Don't believe the gobbledygook being pushed by some of the media: Rescuing the tycoons will not reduce poverty, stimulate the economy or save jobs.

The companies that are in desperate financial straits because of their bond repayments employ almost no one. And even if one tycoon is forced to sell off a company or give up shares, nothing will happen to those workers.

So why is the entire economic establishment busy day and night with the bailout plans? Because those who are pushing it are well-connected, in tight with the ruling powers, or think the ancien regime, where a few billionaires controlled everything, should continue. And how do we know that the good of the economy is not really the true desire of Ram Caspi, Eliezer Fishman, Zohar Goshen and all the others pushing the bailouts?

Here is a test case: Shaya Boymelgreen, whose group is slowly collapsing around him as it does not have enough cash to pay back the over NIS 1 billion it owes banks and bondholders.

Boymelgreen, like other Israeli businessmen, bought real estate at the top of the market: Azorim, Lagna and others. Just like them he raised hundreds of millions in the market, and just like them he took out huge bank loans. His firm, Azorim, also has a well-known name, history and significant operations in Israel - and its survival is important to the economy.

But no one is doing anything to save Boymelgreen. No one cares about him because he is an ultra-Orthodox American Jew who only recently moved his operations to Israel.
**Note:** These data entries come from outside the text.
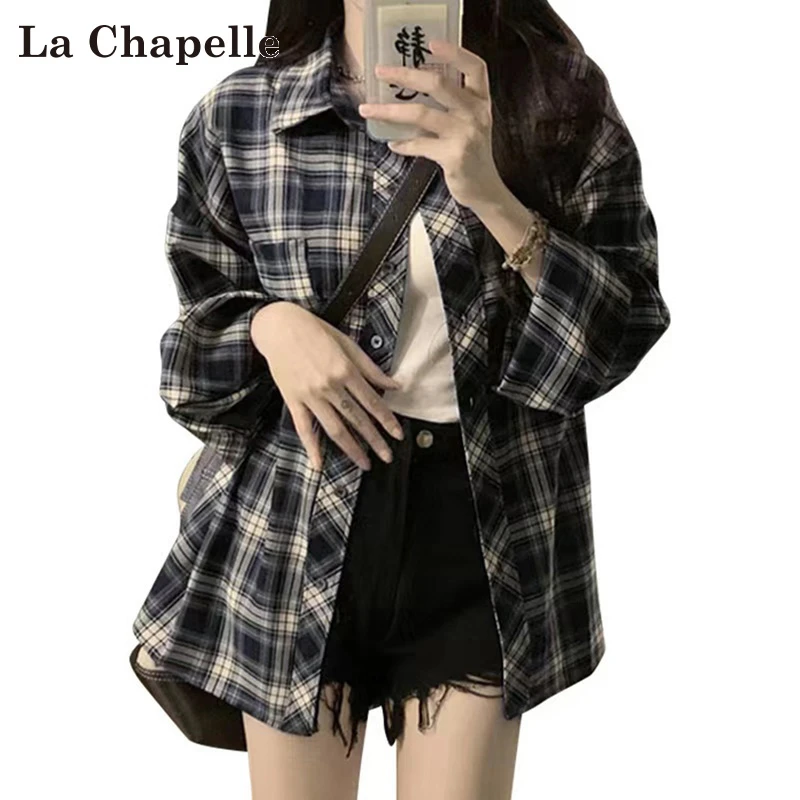 拉夏贝尔复古休闲格子衬衫女秋冬2025新款设计感宽松百搭长袖衬衣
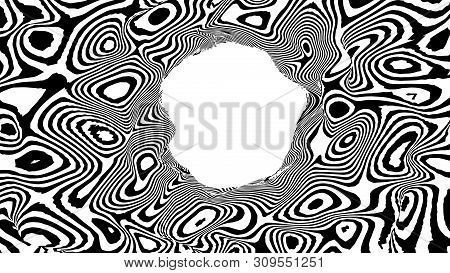 Optical Illusion Wave. Abstract 3D Black And White Illusions. Horizontal Lines Stripes Pattern Or Ba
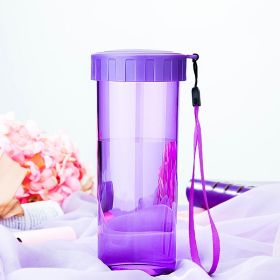 Portable And Leak Proof Plastic Cup Creativity (Option: Grape Purple 430ML)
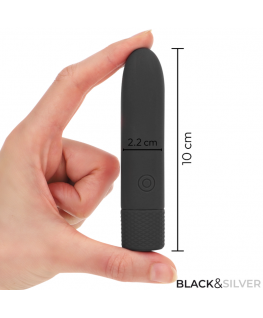 BLACK & SILVER - GERI USB RICARICABILE VIBRANTE BULLET 8 VIBRAZIONI NERO 10 X 2,2 CM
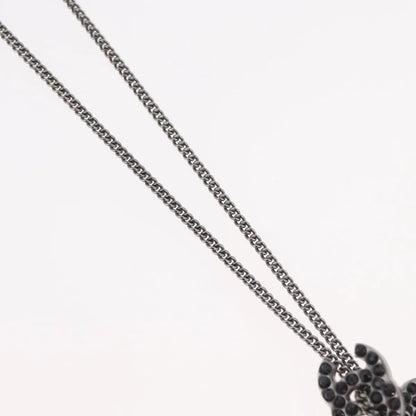 Chanel Coco Long Metal with Faux Pearls and Crystals, Black, Metal, Necklace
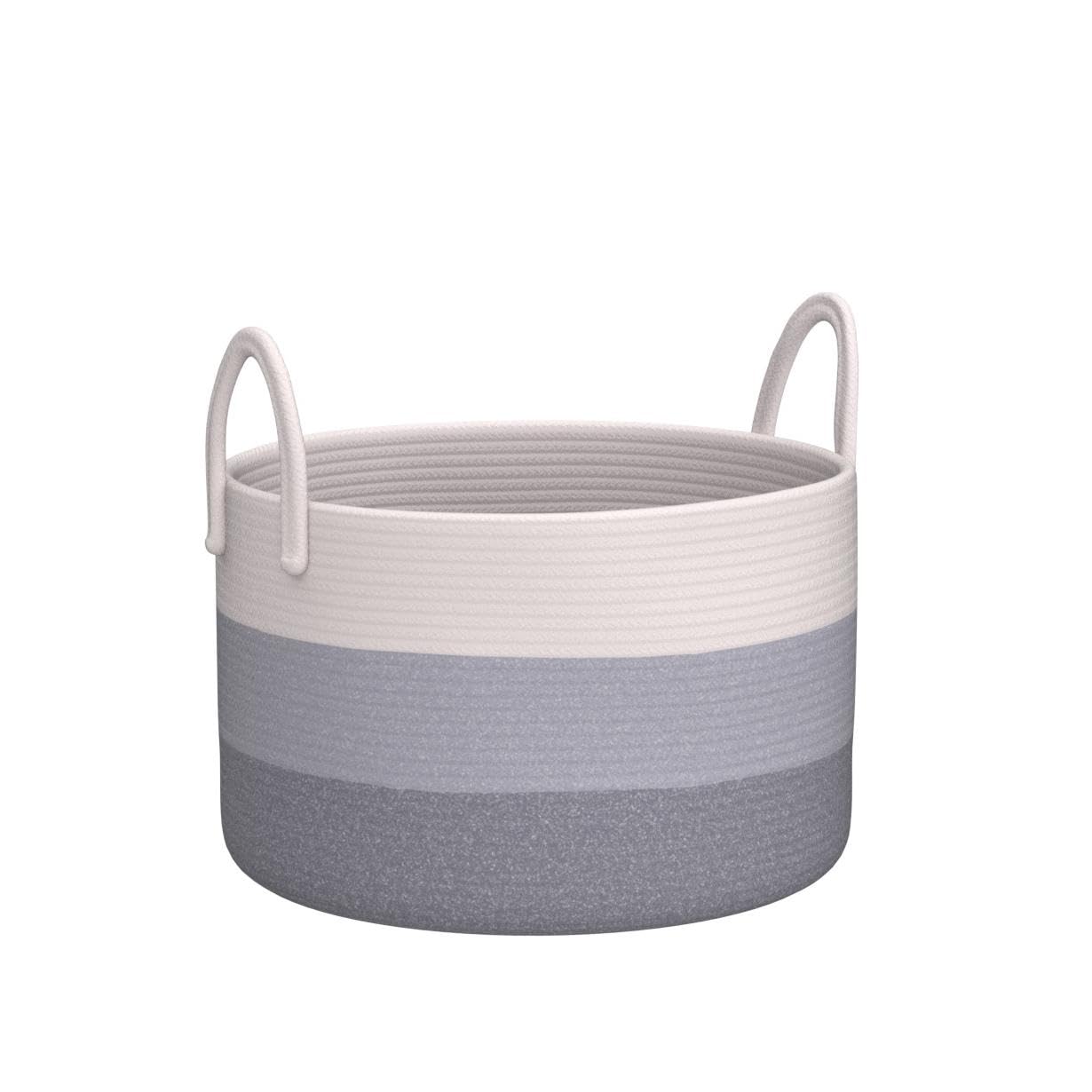 OrganisHaus Gray Extra Large Storage Basket for Kids Rooms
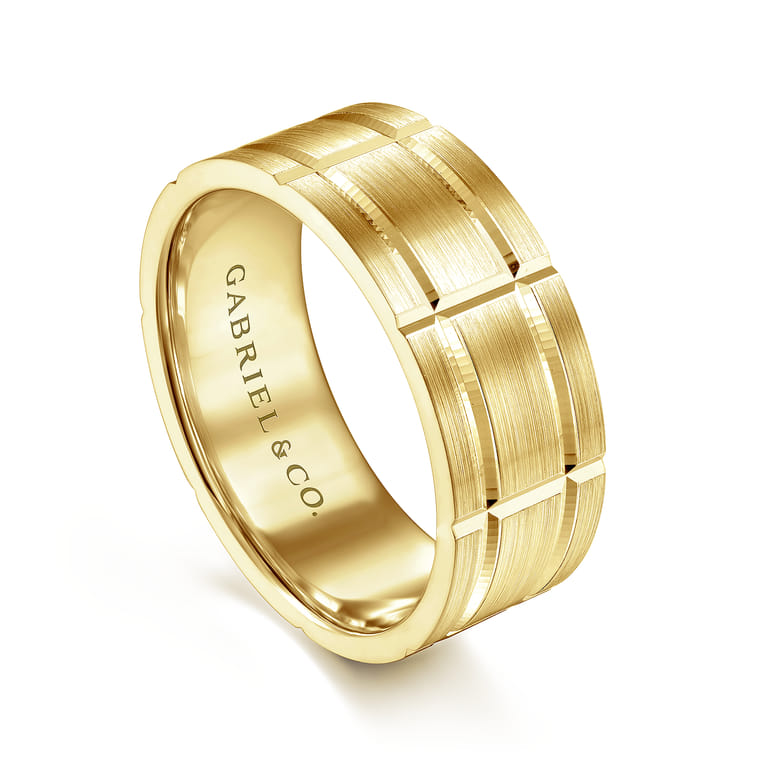 Brian - 14K Yellow Gold 8mm - Checkered Pattern Men's Wedding Band in Satin Finish - Shot 3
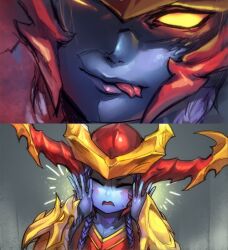 Rule 34 | 1girl, 2koma, armor, blue skin, blush, collarbone, colored skin, comic, glowing, glowing eye, hands on own cheeks, hands on own face, hands up, helmet, highres, league of legends, looking at viewer, notice lines, open mouth, phantom ix row, red armor, shiny clothes, shiny skin, shyvana, sweatdrop, yellow eyes
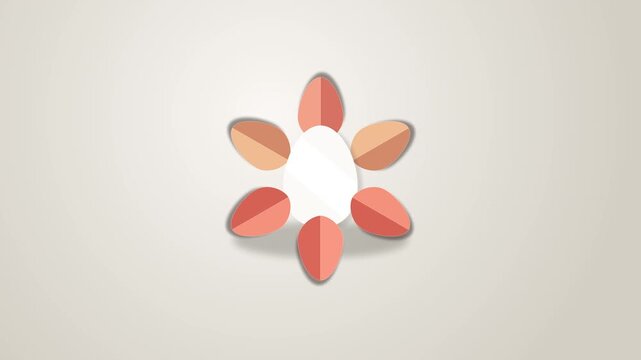 abstract flower bloom reveals white egg in 3d loop animation, natural unfold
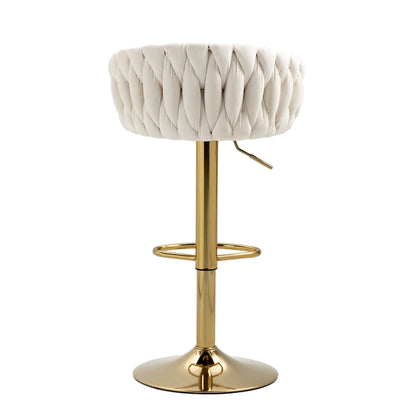 Set of 4 Adjustable Tufted Bar Stools with Backs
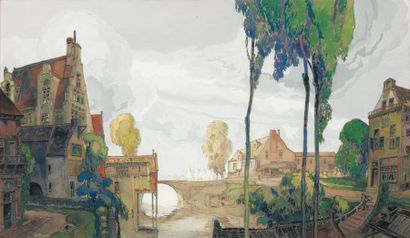 DE FEURE Georges, 1868-1943 Village et canal en Hollande Gouache sur papier beige,...
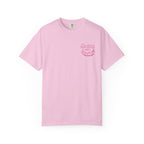 Zodiac Academy-themed unisex Comfort Colors graphic tee by thtgrlreads in soft pink with vintage wash, featuring a small vintage puff print design on the chest.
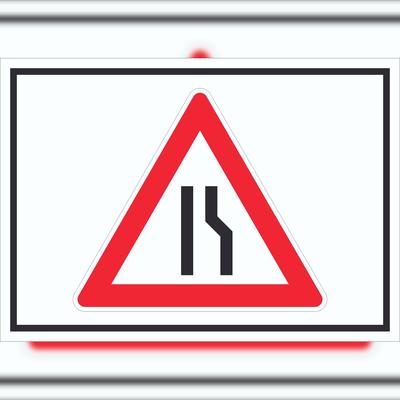 HB-Druck Schild Achtung Verengte Fahrbahn rechts Symbol A5 (148x210mm)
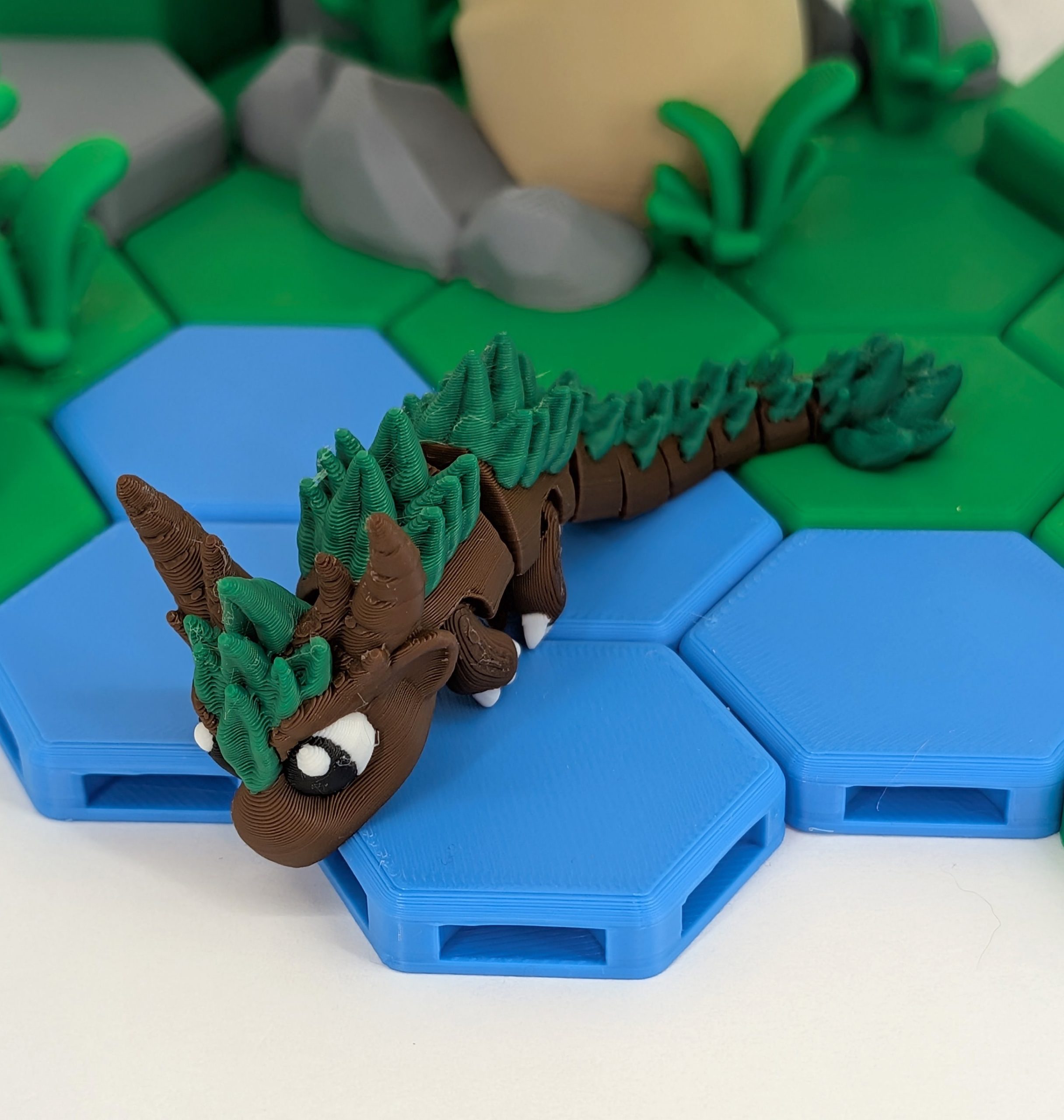 Articulated Forest Dragon 3D Printed Model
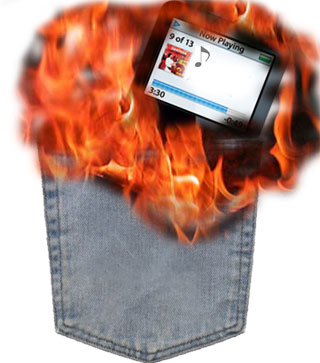 iPod Nano catchees Fire in the pocket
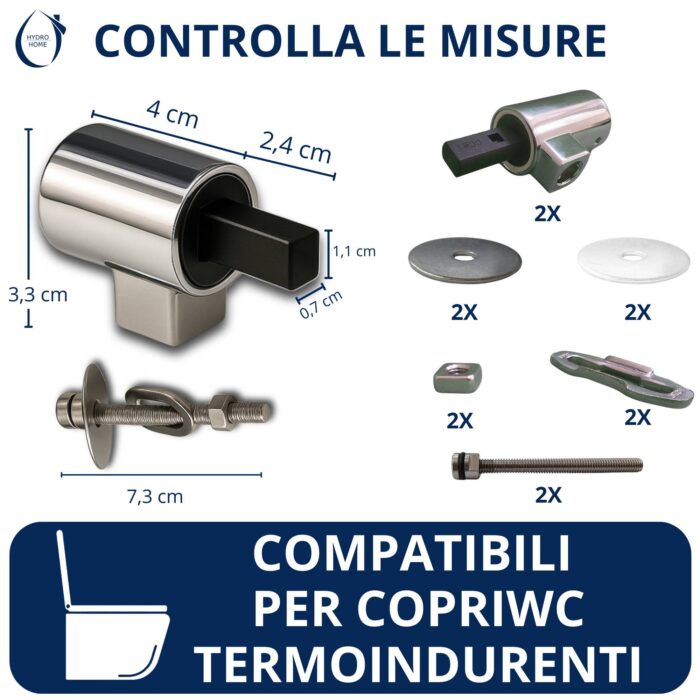 Cerniere fisse Soft Close fissaggio dall alto per copriwc termoindurente con tassello rettangolare - immagine 2
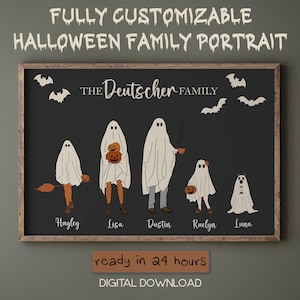 Halloween Family Portrait, Personalized Ghost Family Print, Custom Family Wall Art Printable Halloween Pets Art, Halloween Family Sign Decor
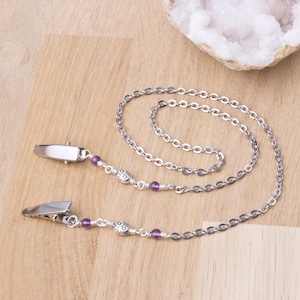 Edelstein-Serviettenkette - Amethyst-Serviettenklammer | Elegante Serviettenklammern |  Serviettenhalter Halskordel | Feinschmecker Geschenke | Diner Clip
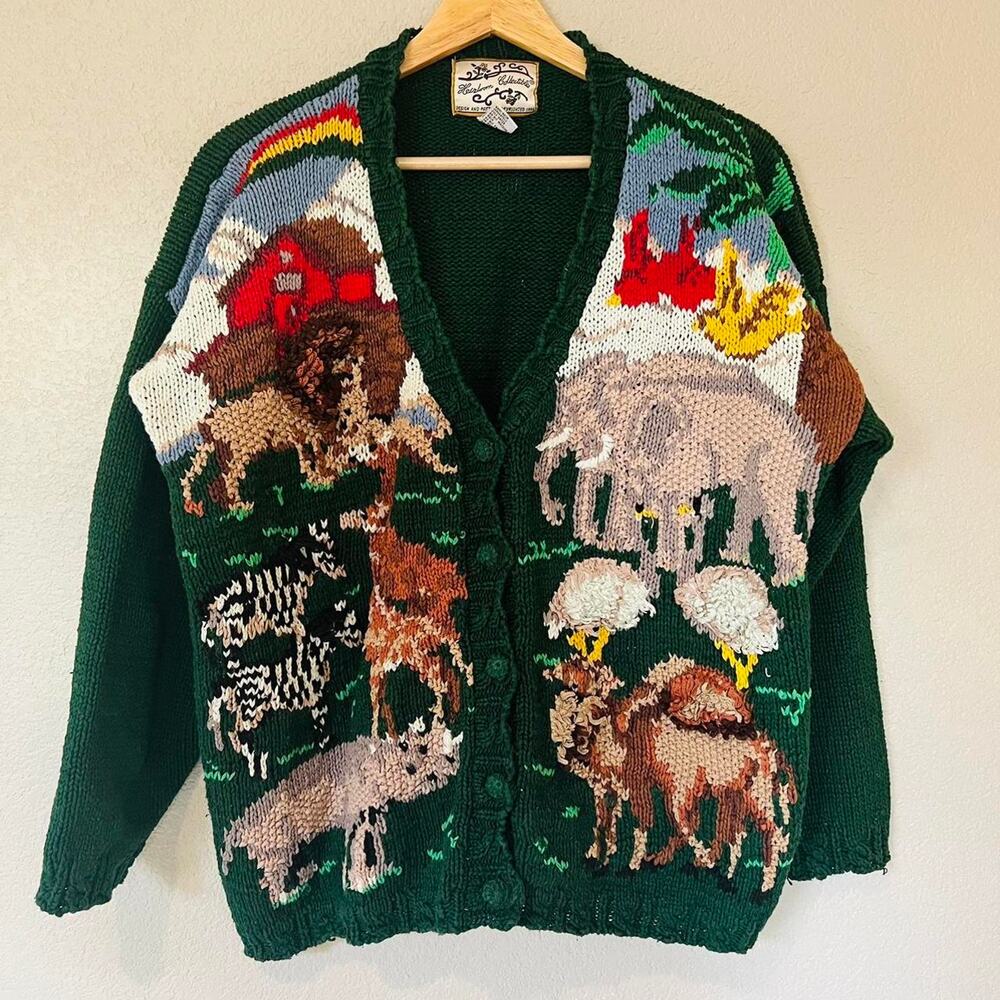 Vintage Heirloom Collectibles Noah’s Arc AMAZING detailed cardigan (sz L)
He has a foreign accent and little presence here, he has no friends at the banks or the Israel Securities Authority, he does not employ any former senior official in any of his firms and he is not connected to Netanyahu or Eini's courts.

Finally, it is a bit strange that firms that need rescuing and whose bonds trade at huge yields still pay their managers millions in salaries and bonuses. Before they talk of state aid, they should first return what they were so generously paid over the years, including in 2008, the year of the great crisis.